DATA SHOWN
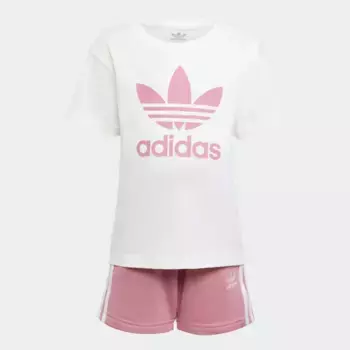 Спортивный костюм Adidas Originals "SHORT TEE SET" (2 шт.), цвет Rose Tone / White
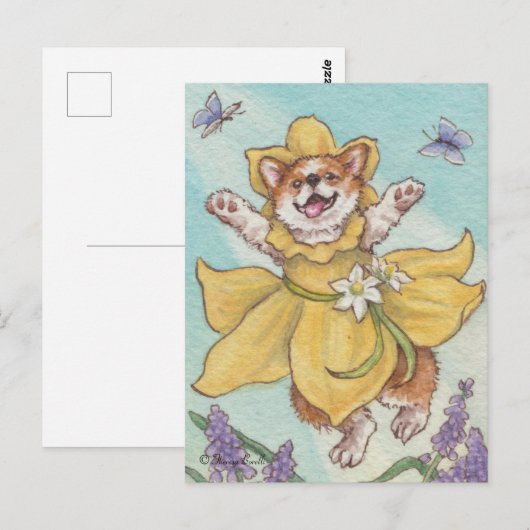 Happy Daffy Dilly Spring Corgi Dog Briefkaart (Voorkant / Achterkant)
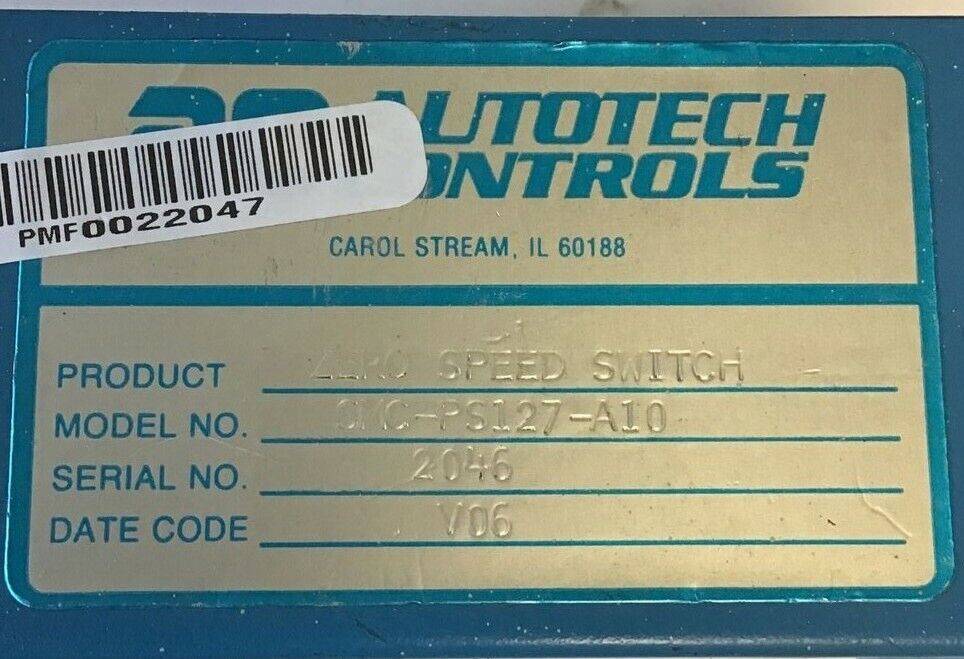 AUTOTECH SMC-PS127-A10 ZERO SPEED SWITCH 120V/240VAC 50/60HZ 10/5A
---
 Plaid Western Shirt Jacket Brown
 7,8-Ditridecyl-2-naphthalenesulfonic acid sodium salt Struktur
...
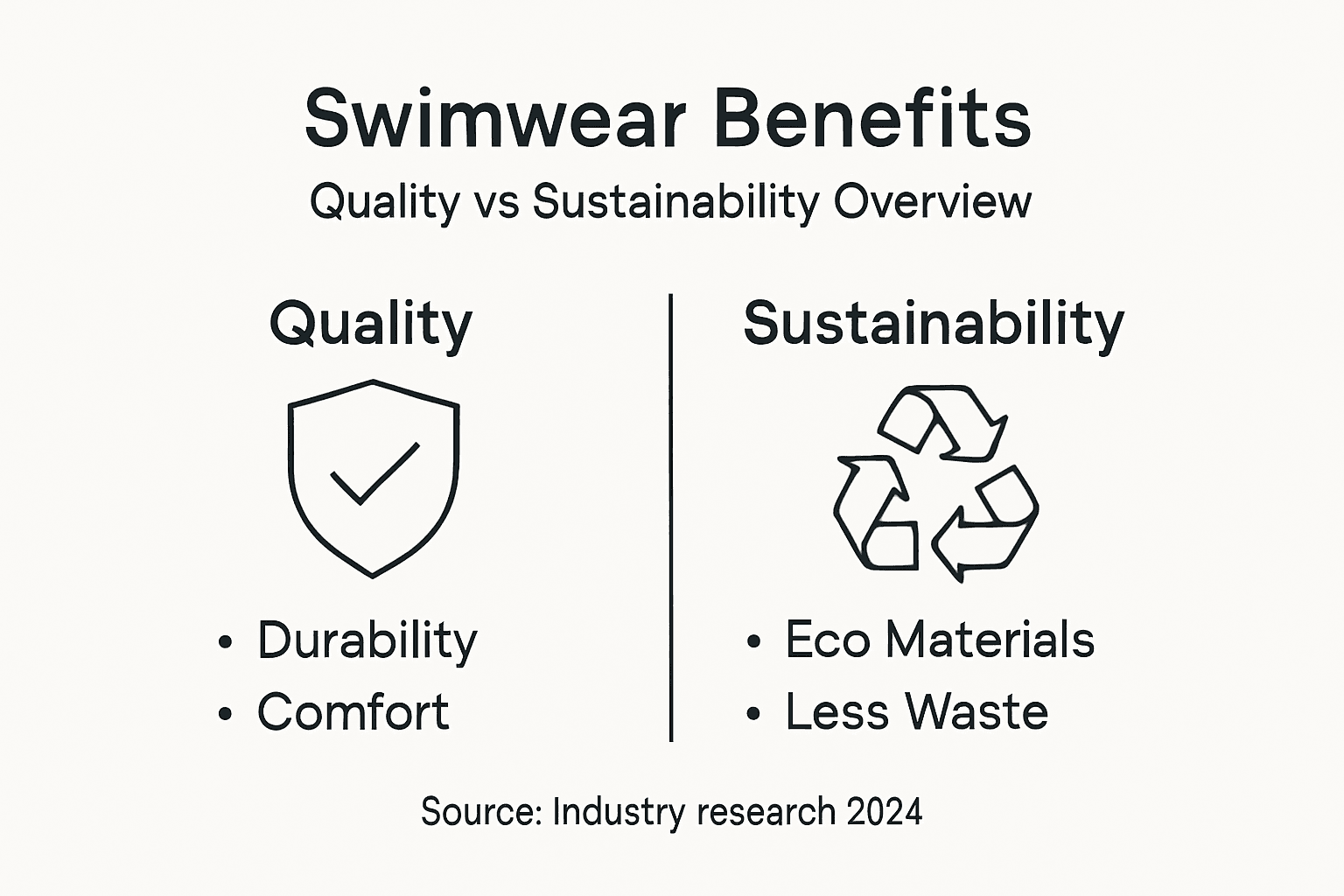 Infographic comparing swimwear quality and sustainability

TASK STATEMENT
Return exactly the lines of the material above, starting at the line containing "Спортивный костюм Adidas" and finishing at the line containing "AUTOTECH SMC-PS127-A10 ZERO", without any pictures.

RESPONSE FOR THIS EXERCISE
 Спортивный костюм Adidas Originals "SHORT TEE SET" (2 шт.), цвет Rose Tone / White
 Happy Daffy Dilly Spring Corgi Dog Briefkaart (Voorkant / Achterkant)
 AUTOTECH SMC-PS127-A10 ZERO SPEED SWITCH 120V/240VAC 50/60HZ 10/5A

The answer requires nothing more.